Monday, August 31, 2009

 

Narramore Years Part 13

The Origins of Valiant Efforts Part 2

These reservations stemmed from study of the publishing industry
and actual involvement (albeit from a non-profit status) in production
of publications. The actual long term success rate of independent
comics publishers is vanishingly small. One can probably count on
one hand the success of independent comics publishers in the print realm.
For every Teen Age Mutant Ninja Turtles and Elfquest your have dozens
and dozens perhaps hundreds of well intentioned but failed publishing
enterprises. Part of this has to do with under capitalization (under financing),
what distributors will actually take (and their cut of the cover price) and
the actual ability for the fledgling company to actual produce material in
a regular timely manner. It also has to do with the ever diminishing
market for comic books.

During the 1940s and 1950s comic books were a true mass market publishing
industry printing hundreds of thousands of copies (and selling) for any given
title. There was that much market for comic books during that period.
With the advent of television and later video games, special effects movies,
the Internet and other entertainment options the audience for comic books
became increasingly fragmented and diminished. Comics became increasingly
a niche market catering to specialized age, gender, and thematics categories.
Even by the mid-1980s much of this was evident even if some of these factors
(Internet) were still future. With the direct sales market (comic speciality shops)
becoming a major factor in comics publishing several new companies were
launched during that time (Pacific, First, Eclipse, Comico, Valiant/Acclaim)
being the most prominent. Most of these companies were well financed efforts
with a certain amount of business salve, acumen and experience behind them.
They weren't fanboys doing this out of their homes. Having said that each of
the above companies are now a footnote in American comic book history.

My initial proposal of doing a fanzine type of publication (even though the
heyday of fanzines was long past—though something called small press was
very popular at the time). However Ralph and Charles were not to be deterred
by doing a mere fanzine. They wanted to do real comic books. Even with these
reservations I got talked into becoming a third partner in these efforts. My
non-negotiable was that we do comics with Christian themes and characters.
Why do expressly secular material with a market already glutted with such
material? Also I was looking at it from an eternal perspective. In 1987
Jack I. Martin, a local Christian comics fan and artist. would throw in with
us for a time. Out first meeting with Ralph and Charles in December 1986
developed a multi-year partnership that from an informal company
(Valiant Comics—not the Jim Shooter entity) and produced several issues
of our flagship and only title Valiant Efforts.

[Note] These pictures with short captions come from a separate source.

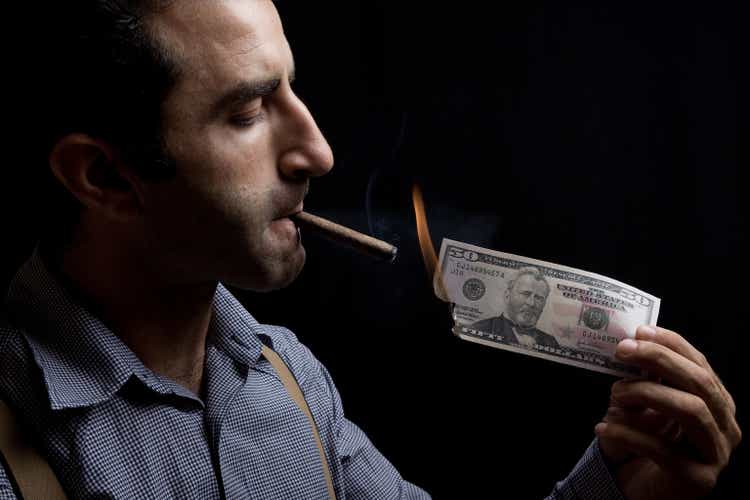 Adult man lighting up a cigar with burnt dollar bill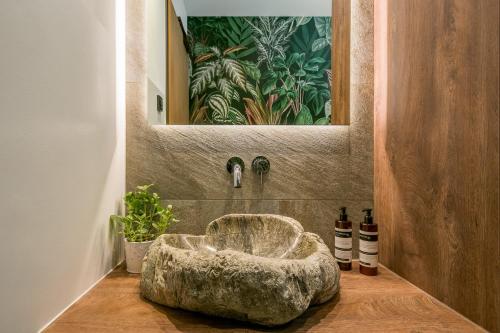 a bathroom with a large stone bowl in the corner at Hotel Obermaier in Munich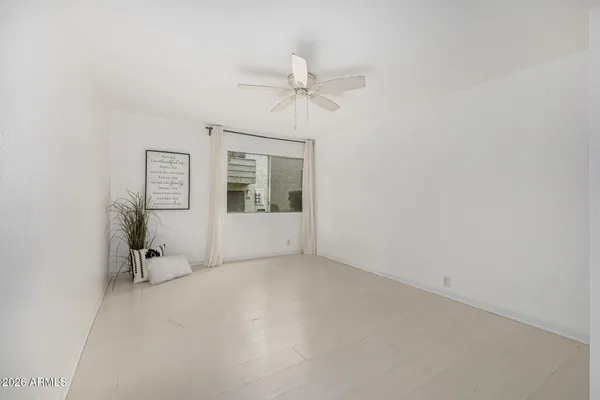 an empty room with a ceiling fan and a window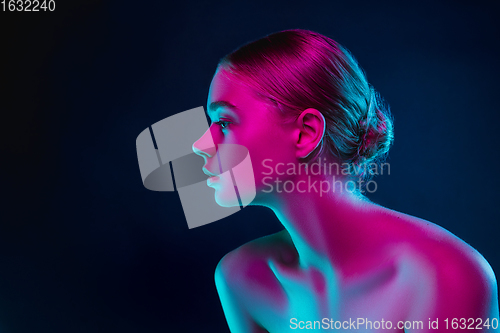 Image of Portrait of female fashion model in neon light on dark studio background.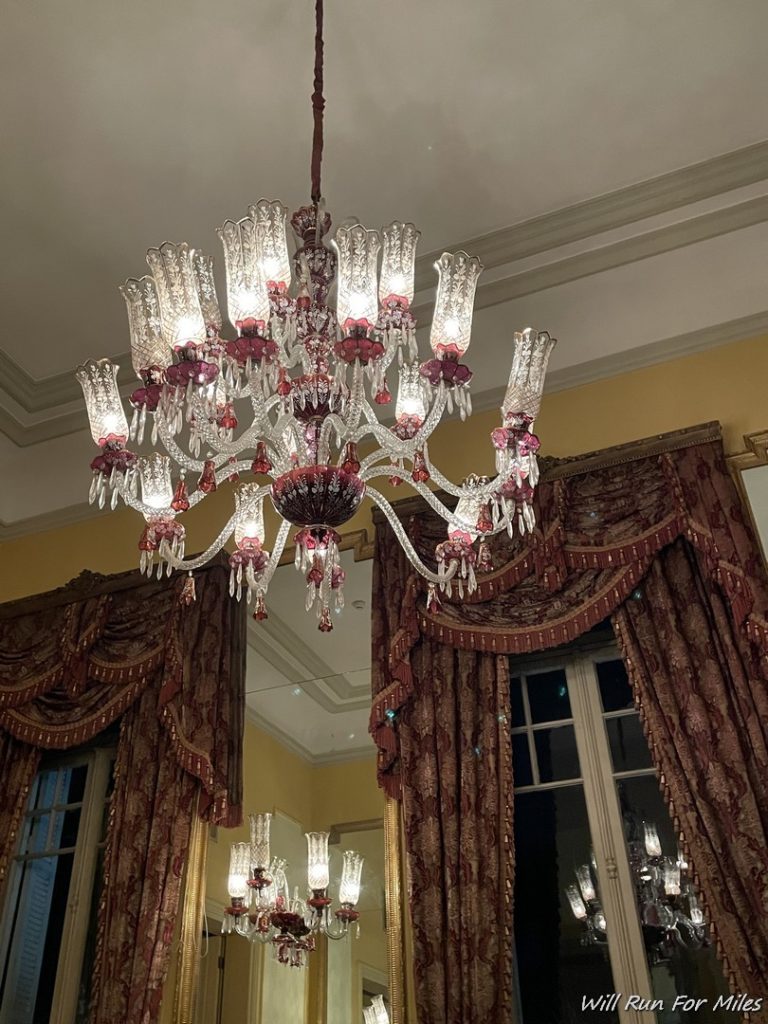 a chandelier with crystal glass shades from the ceiling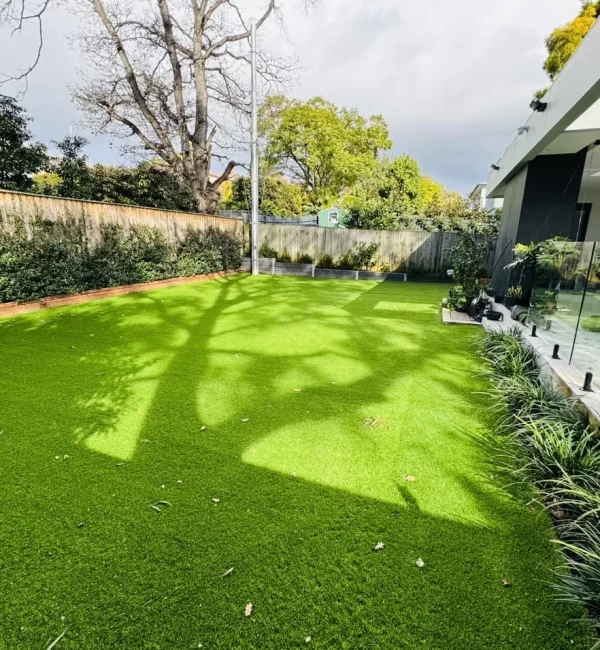 Lush OneGrass synthetic turf provides a clean, green play surface for a modern residential backyard
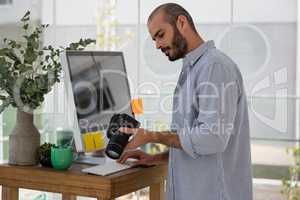 Designer examining camera while standing by computer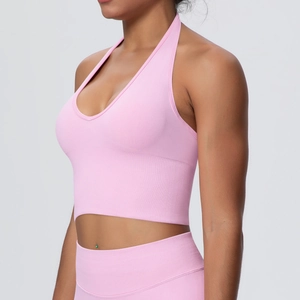 Detail of pink halter yoga bra showing seamless knit texture and supportive ribbed band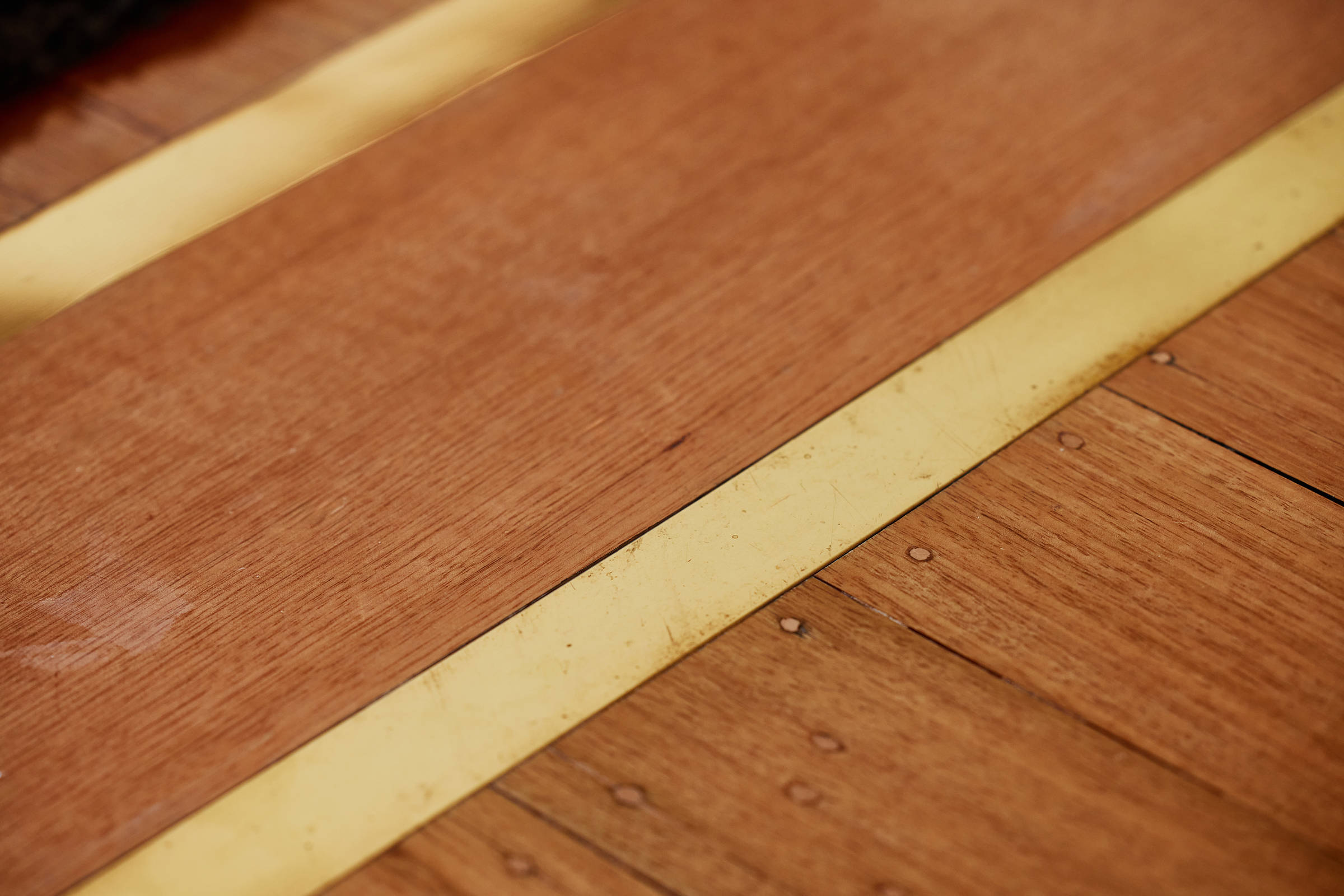 Detail of brass strips inlaid into a Tasmanian oak timber floor. Credit: Samuel Shelley.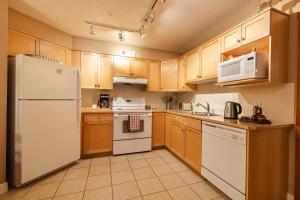 a kitchen with white appliances and wooden cabinets at Cozy 2BR-5BD Suite - Mountain Views - Htd Parking in Canmore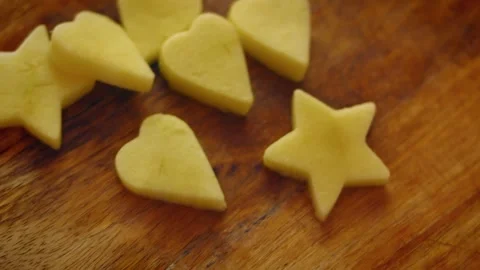 Different shaped cookie cutters are used on apple slices Stock Footage 331634426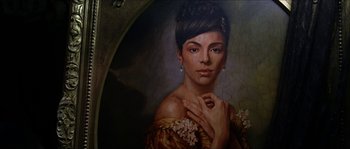 Movie still from “The Haunted Mansion” (2003), directed by Rob Minkoff – A painting of a beautiful woman in a yellow dress; Close Up shot, Low angle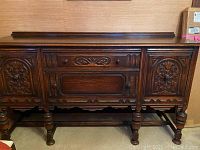 Front view of vintage buffets with carved wood doors, drawer, knobs, and turned legs.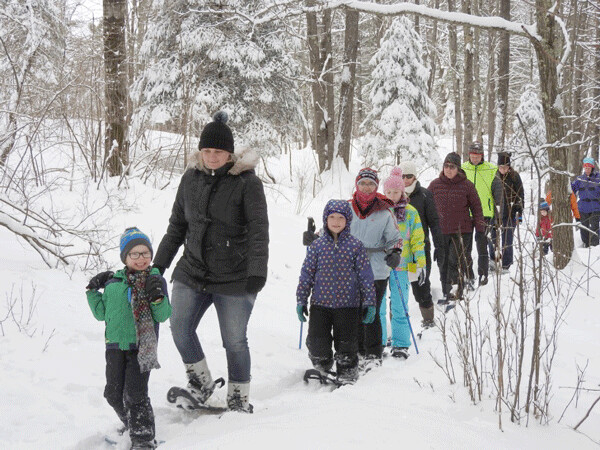 Our little group on the Family Snowshoe Hike appreciated the beauty of freshly fallen snow. Photo by Emily Stone.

These meetings were part business meeting (we had agendas and fairly
detailed meeting notes) trying to structure a viable publishing company
and part bull sessions and part story/plotting sessions. Both Ralph and
Charles were quite loquacious. They bantered story and plot ideas around
with high energy and enthusiasm that I usually thought were reserved for
devotees of professional sports like football or basketball. This liveliness was
in marked contrast to the critical nay saying that I had been exposed to and
endured in the Santa Monica comics shop just a few short years before.
These were fanboys expounding excitedly on their own projects and the
wonderful characters they had created and the great stories they were hoping
to generate for these characters. The atmosphere of those meetings were
charged and exhilarating. I often sat in quiet amazement and rapt attention
at this fantastic expenditure of creative hot air.